Mr Vanunu emerged from Shikma prison in Askhelon shortly after 1200 (0900GMT) looking relaxed and waving to the hundreds of Israeli and foreign supporters gathered outside the gates.
In a statement to the media he insisted he did "not have any more secrets" to reveal but called on Israel to open up the Dimona nuclear plant where he worked to inspections by the UN's nuclear watchdog.
Answering only questions in English, Mr Vanunu said he was "not totally free" because of the restrictions Israel had placed on him, including a ban on travel outside the country.
Speaking briefly in Hebrew, he accused Israel of being a dictatorship and an apartheid country because of restrictions imposed on him preventing him speaking to foreigners.

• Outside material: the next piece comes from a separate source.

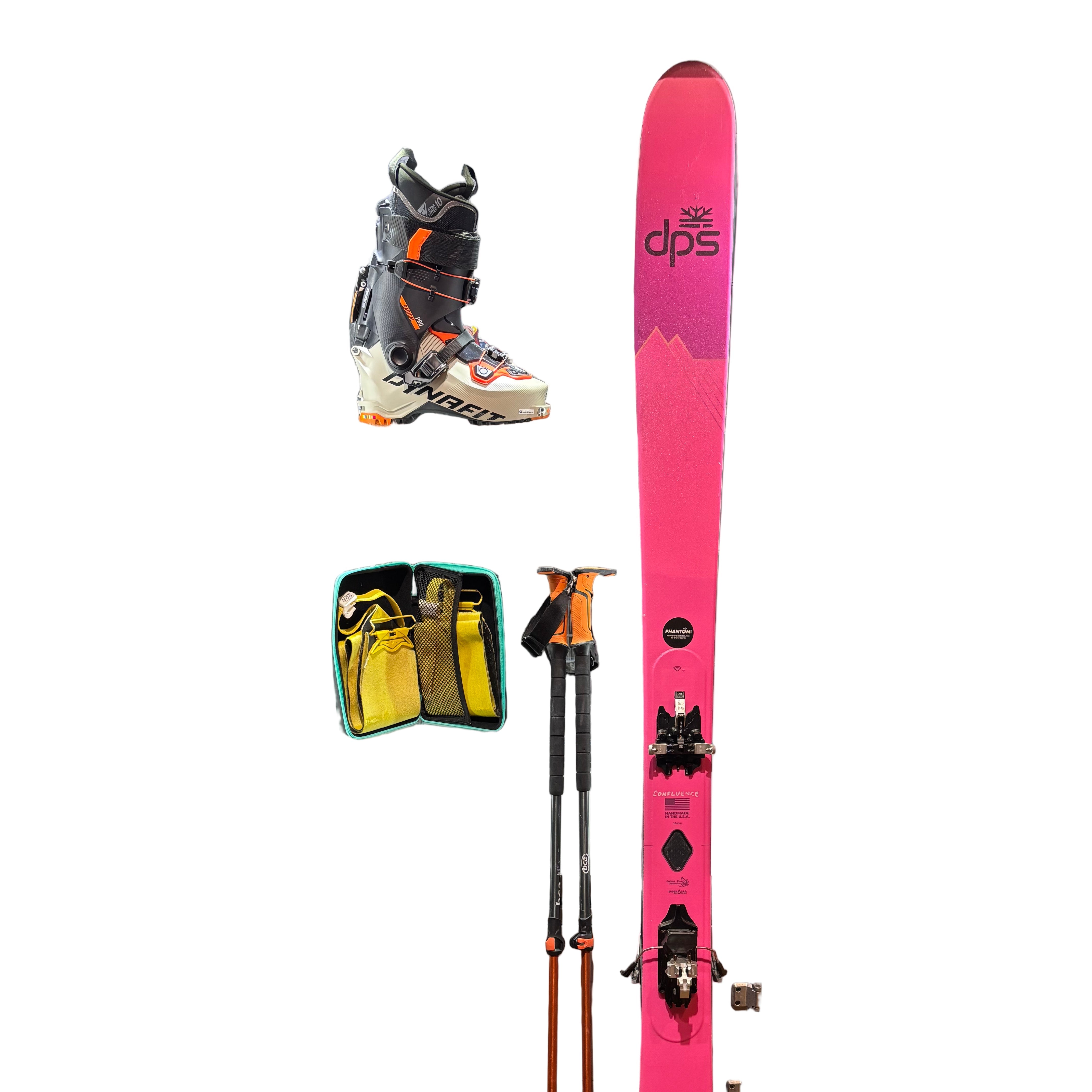 Pink DPS skis with bindings on a metal surface with other ski equipment in the background.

"I tell the Israelis if you discriminate and prevent me from talking to citizens abroad then I am also not talking to you in Hebrew," he said.
He went on to say he had been treated harshly because of his conversion to Christianity.
Correspondents say Mr Vanunu's words seem sure to incense many Israelis who already view him as a traitor and a spy.
Despite his protestations, the authorities say Mr Vanunu still possesses information that could jeopardise Israel's security.
"He is a man sentenced to prison for treason and he has repeatedly said he will go back to his old behaviour... [Israel] has to take precautions to prevent that from happening," said Foreign Ministry spokesman Jonathan Peled.
Mr Vanunu is not allowed to have a passport, is forbidden to approach ports and airports, and has been told not to talk to foreigners without permission.
Mr Peled told the BBC that he was allowed to talk to the international media, as long as he did not talk about his work at the Dimona plant.
"We have to strike the correct balance between safeguarding his personal liberty and looking after Israel's national security interests," Mr Peled said.
On the basis of the information he gave to the UK's Sunday Times newspaper in 1986, analysts concluded Israel had scores of nuclear warheads.
Israel maintains a policy of "strategic ambiguity" about its supposed nuclear arsenal and it has refused to sign the Nuclear Non-Proliferation Treaty which would open Dimona up to international scrutiny.
Supporters had gathered outside the jail, waving banners and calling Vanunu a "hero of peace". Critics' banners had messages like "Death to the spy, Death to Vanunu".
Israel said it could have placed much tougher post-release restrictions on Mr Vanunu - and the length of time the current regime will remain in force depends on his behaviour.